> _Task prompt_
Your task is to reproduce, verbatim and without pictures, the lines from the opening of the listing through the line containing "在飛比找蝦皮購物優惠-【廣明輪胎】米其林 latitude sport 3 (LS".

> _Provided entries_
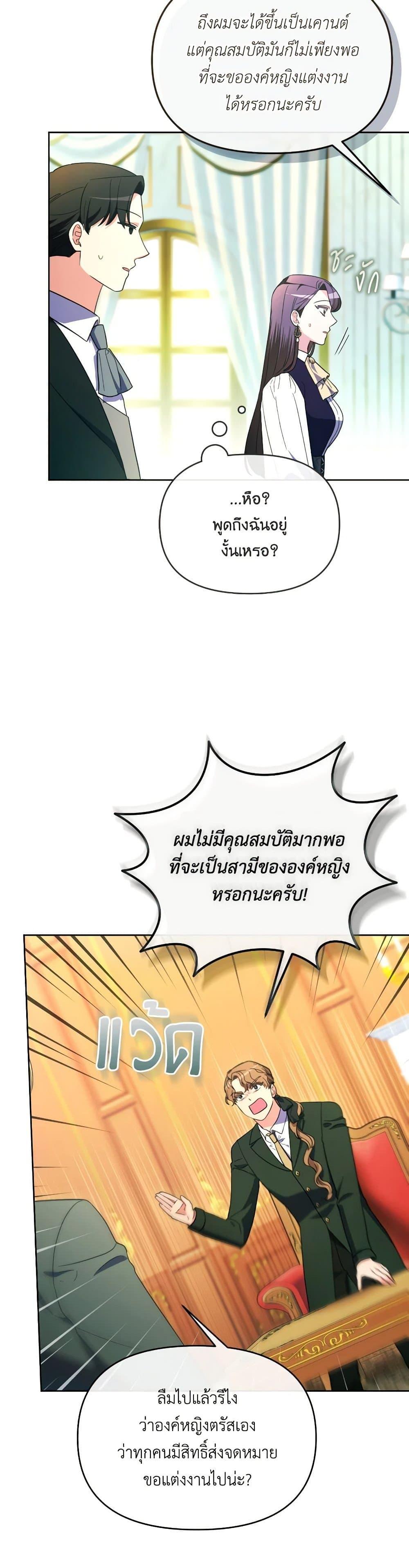 Manga-lc-com อ่านมังงะ อ่านการ์ตูน ออนไลน์ ฟรี The Villainess’s Dazzling Debut ตอนที่ 1 2 3 4 5 6 7 8 9 10 11 12 13 14 ฟรี ไม่มีโฆษณา Manga-lc - อ่าน มังงะ อ่าน การ์ตูน ออนไลน์ อ่านมังงะ ฟรี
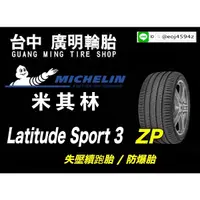 在飛比找蝦皮購物優惠-【廣明輪胎】米其林 latitude sport 3 (LS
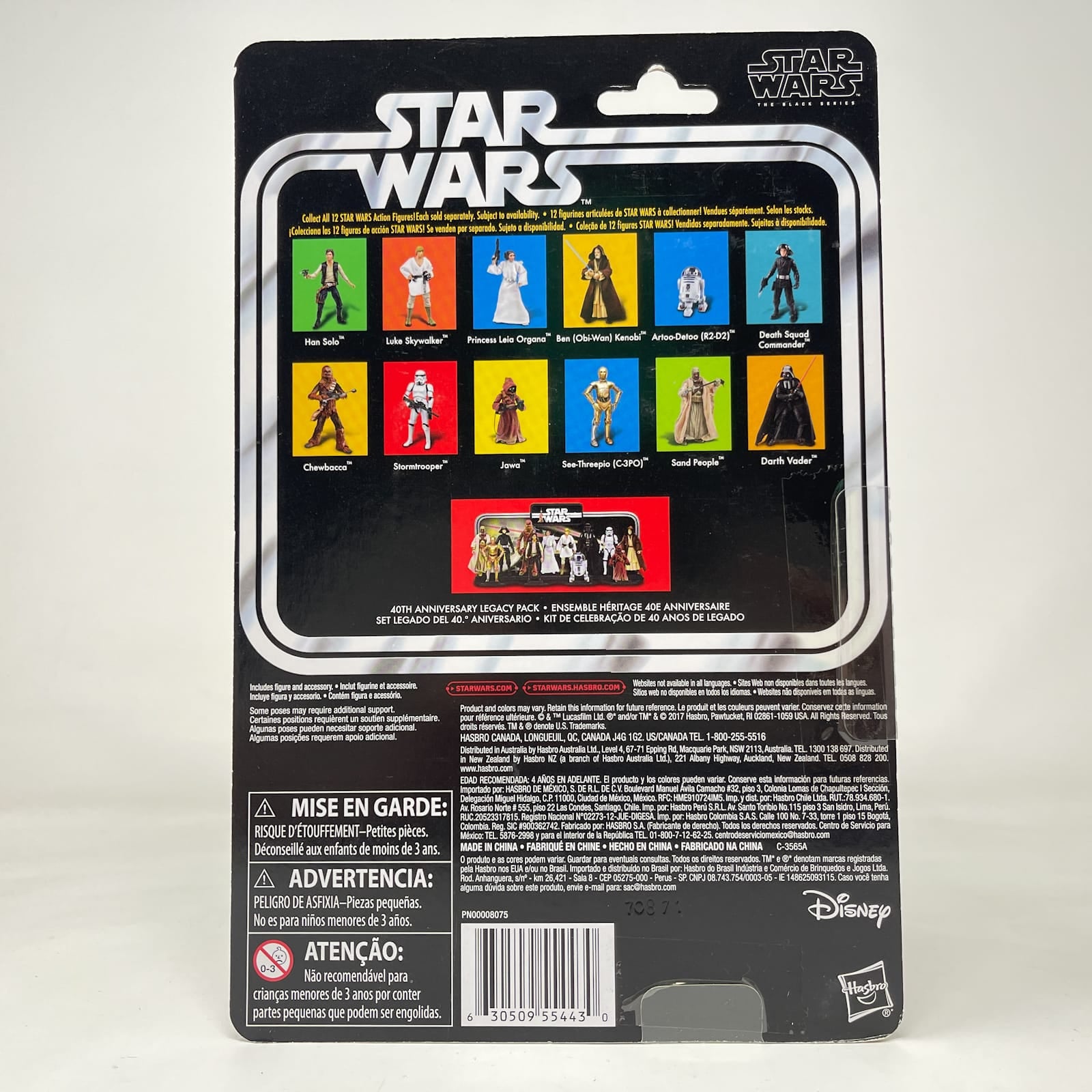 2017 Chewbacca (ANH) 40th Anniversary Black Series Star Wars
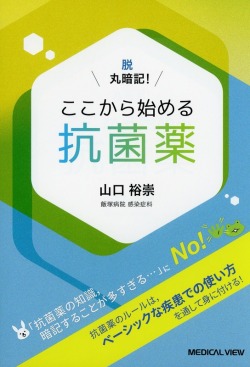 脱 丸暗記！  ここから始める抗菌薬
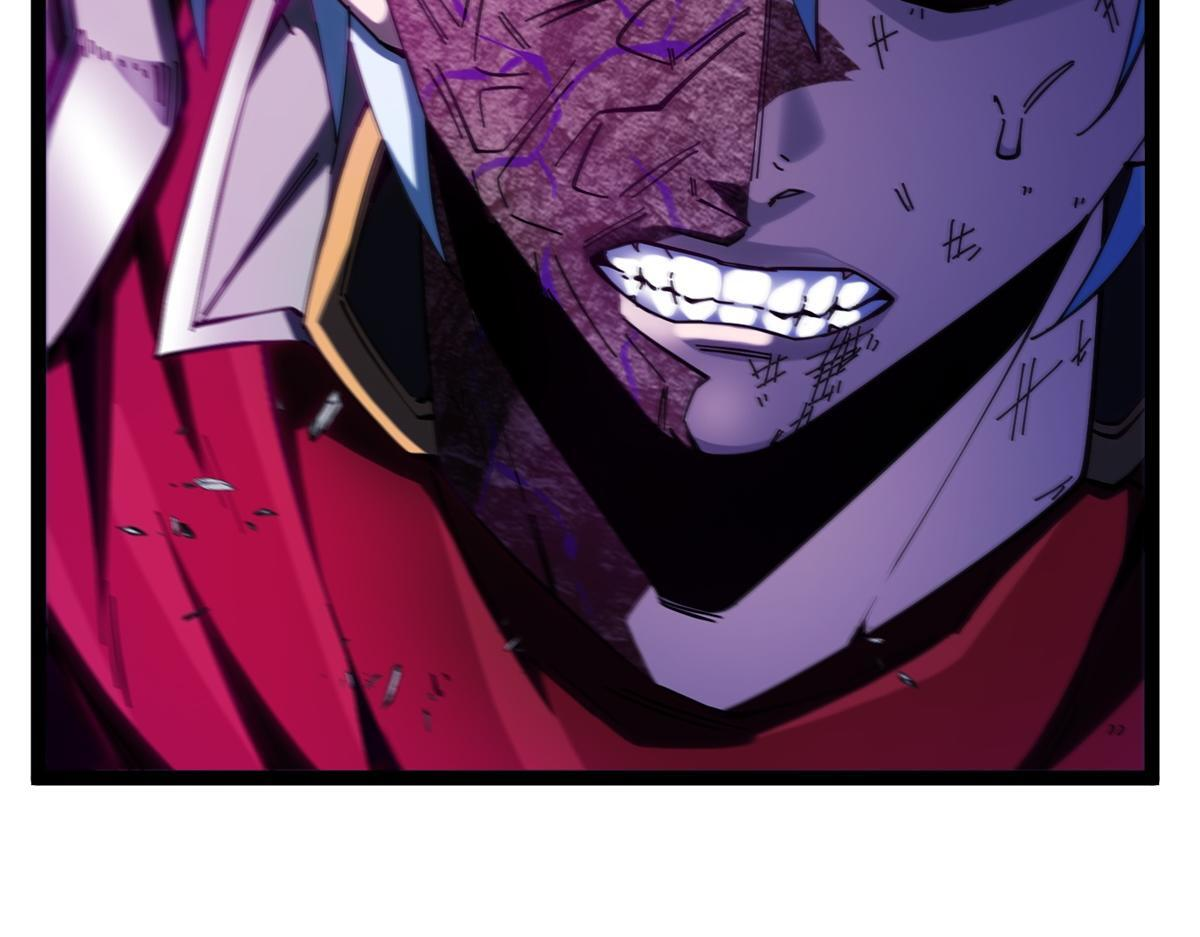 第36话 击败神明！ 第75页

> _Solved exercise_
 Manga-lc-com อ่านมังงะ อ่านการ์ตูน ออนไลน์ ฟรี The Villainess’s Dazzling Debut ตอนที่ 1 2 3 4 5 6 7 8 9 10 11 12 13 14 ฟรี ไม่มีโฆษณา Manga-lc - อ่าน มังงะ อ่าน การ์ตูน ออนไลน์ อ่านมังงะ ฟรี
 在飛比找蝦皮購物優惠-【廣明輪胎】米其林 latitude sport 3 (LS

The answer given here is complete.